Task instructions
Skip every picture, then write out exactly the lines of the listing below from the line that contains "#LTKKids #LTKFindsUnder100 #LTKBaby" through the final line.

━━━ Dataset section

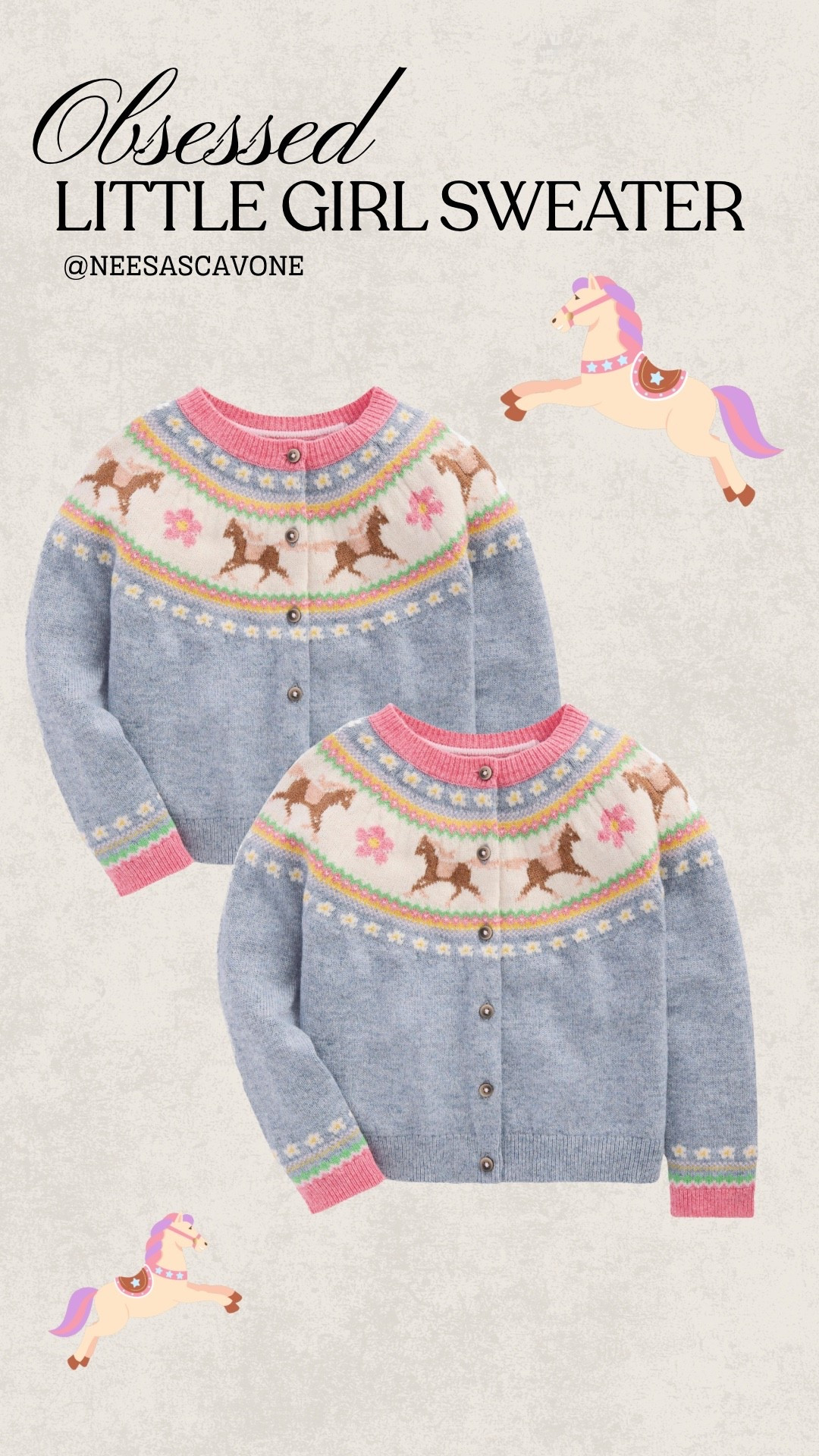 OBSESSED with this little girl sweater 💕🐴 The sweetest knit for fall – horses + florals + pastel trim = perfection 😍 My girls will be living in this one all season 🍂✨ Linking it on LTK for all my fellow mamas who love a cozy, cute moment! 🧸 #LTKkids #LTKfamily #LTKkids #LTKfamily #LTKBackToSchool #MomLifeStyle #GirlMom #ToddlerStyle #MiniStyle #CozyKids #FallKidsFashion #LTKUnder50 #MatchingWithMom #MomLifeUnfiltered #LittleGirlsWardrobe #StylishKids #MomFinds

#LTKKids #LTKFindsUnder100 #LTKBaby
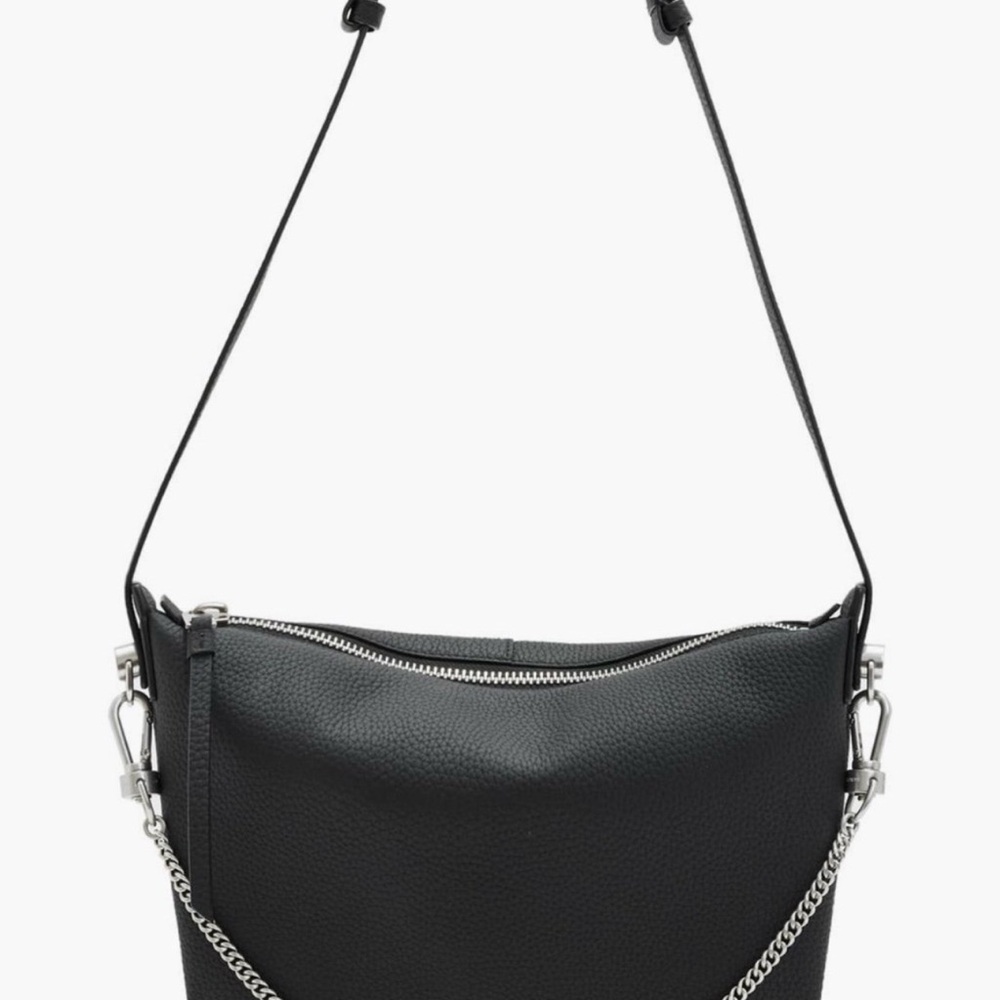 All Saints Black Crossbody Bag with Silver Accents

━━━━━━

Your response
#LTKKids #LTKFindsUnder100 #LTKBaby
 All Saints Black Crossbody Bag with Silver Accents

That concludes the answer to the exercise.